Task directions: Without the pictures, print each of the records below exactly as it appears.

Source records:
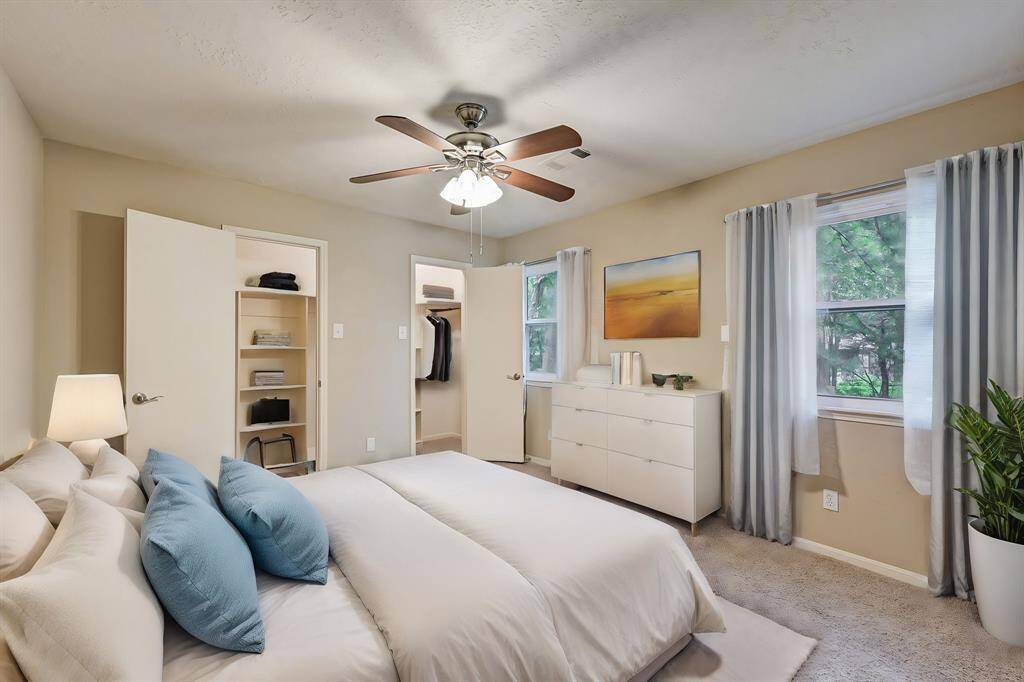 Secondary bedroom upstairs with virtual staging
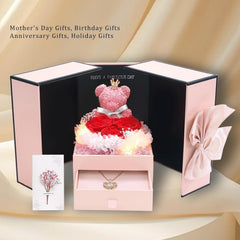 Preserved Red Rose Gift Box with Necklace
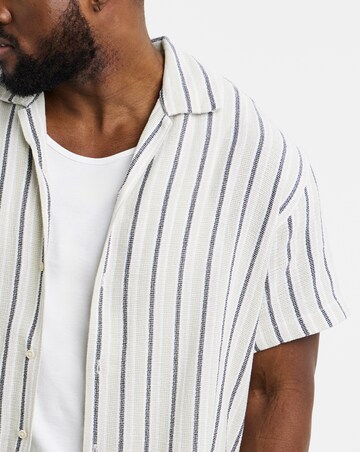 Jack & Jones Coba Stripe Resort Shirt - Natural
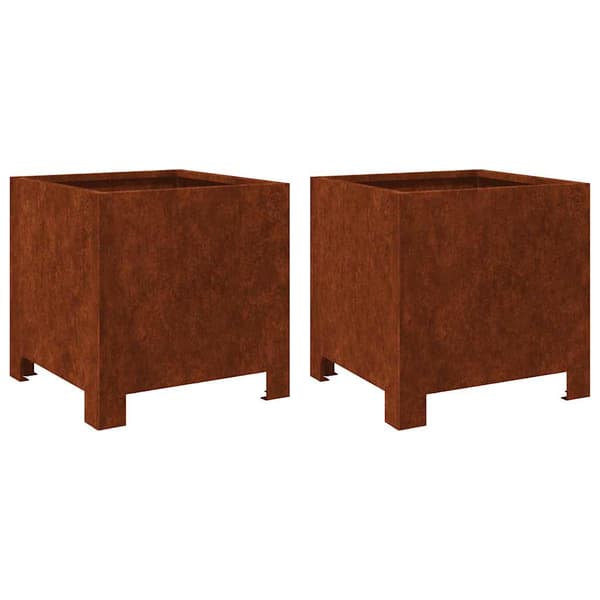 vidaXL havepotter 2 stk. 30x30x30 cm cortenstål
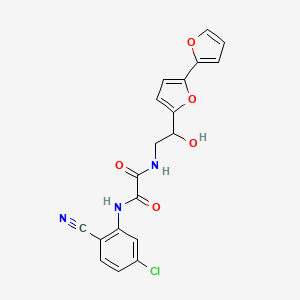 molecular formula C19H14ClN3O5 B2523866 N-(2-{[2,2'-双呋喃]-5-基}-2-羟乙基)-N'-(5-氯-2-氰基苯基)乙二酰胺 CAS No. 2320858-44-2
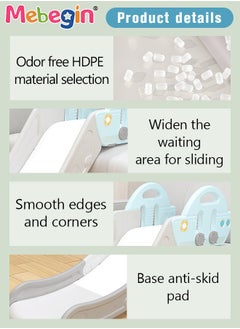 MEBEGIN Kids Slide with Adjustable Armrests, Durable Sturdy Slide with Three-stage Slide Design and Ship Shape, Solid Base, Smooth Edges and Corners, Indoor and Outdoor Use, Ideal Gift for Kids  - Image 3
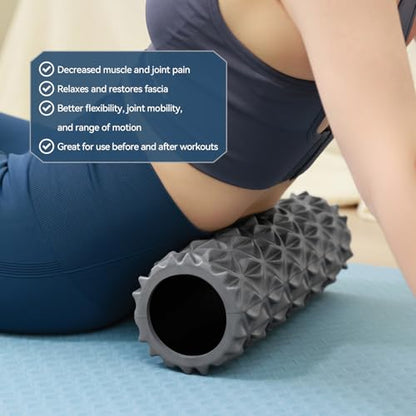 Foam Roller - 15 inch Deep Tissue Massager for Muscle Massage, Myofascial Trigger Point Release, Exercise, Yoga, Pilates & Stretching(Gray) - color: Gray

Task answer:
 Secondary bedroom upstairs with virtual staging
 Preserved Red Rose Gift Box with Necklace
 Jack & Jones Coba Stripe Resort Shirt - Natural
 vidaXL havepotter 2 stk. 30x30x30 cm cortenstål
 molecular formula C19H14ClN3O5 B2523866 N-(2-{[2,2'-双呋喃]-5-基}-2-羟乙基)-N'-(5-氯-2-氰基苯基)乙二酰胺 CAS No. 2320858-44-2
 MEBEGIN Kids Slide with Adjustable Armrests, Durable Sturdy Slide with Three-stage Slide Design and Ship Shape, Solid Base, Smooth Edges and Corners, Indoor and Outdoor Use, Ideal Gift for Kids  - Image 3
 Foam Roller - 15 inch Deep Tissue Massager for Muscle Massage, Myofascial Trigger Point Release, Exercise, Yoga, Pilates & Stretching(Gray) - color: Gray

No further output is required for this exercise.